UBC Theses and Dissertations
Understanding hemicellulose and silica removal from bamboo Yuan, Zhaoyang
In this work, the hydrothermal pretreatment under both acidic and alkaline conditions were conducted to study hemicellulose and silica removal from bamboo. In the first part of this work, evolution of proton concentration was examined during both auto- and dilute-acid hydrolysis of hemicellulose from green bamboo. An approximate mathematical model (toy model) to describe the proton concentration based upon conservation of mass and charge during deacetylation and ash neutralization coupled with a number of competing equilibria, was derived. This model was qualitatively compared to experiments where pH was measured as a function of time, temperature, and initial acid level. The toy model predicts the existence of a steady state proton concentration dictated by equilibrium constants, initial acetyl groups, and initial added acid. At room temperature, it was found that pH remains essentially constant both at low initial pH and autohydrolysis conditions. At elevated temperatures, one case of non-monotonic behaviour in which the pH initially increased, and then decreased at longer times, was found. As silica in bamboo creates processing problems, in the second part of this work, alkaline pretreatment of pure amorphous silica particles, bamboo powder and bamboo chips was carried out to study the underlying mechanism for silica and hemicellulose extraction. Response surface methodology was also used to optimize the treatment conditions that could completely extract silica and partially extract hemicellulose from bamboo chips prior to processing. Alkaline pretreatment resulted in significant improvement in the delignification of treated bamboo chips during subsequent kraft pulping, offering an option to reduce the effective alkali charge or the H-factor. The pre-extracted silica and hemicellulose in the liquor were recovered through a sequential procedure of CO2 and ethanol precipitation.
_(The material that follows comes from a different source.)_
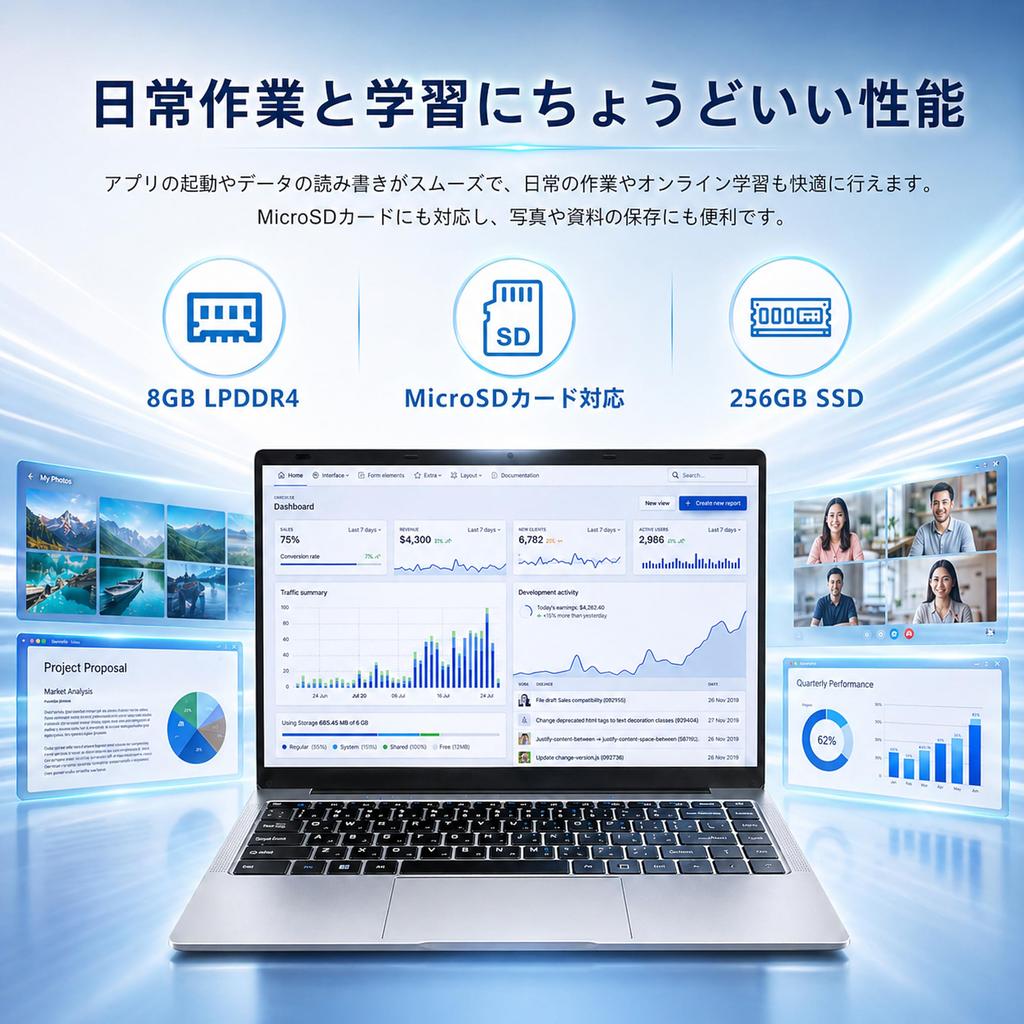 Ноутбук KAZEON N4500 Офис 2024 Windows 11 1920x1080 FHD IPS LCD 8 ГБ ОЗУ 256 ГБ SSD Веб-камера Bluetooth Мини HDMI Легкий и тонкий Для домашнего использования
Moreover, the feasibility of adopting alkaline pretreatment to the typical kraft pulping process was tested. Results demonstrated that all silica, and up to 50% of hemicellulose in raw feedstocks, could be extracted without degrading cellulose and lignin. Approximately 96% of extracted silica in the APEL could be recovered as a high purity (>99.8%) silica nanoparticles. These results demonstrated that the proposed modification may benefit kraft pulping and fit well into the proposed biorefinery concept.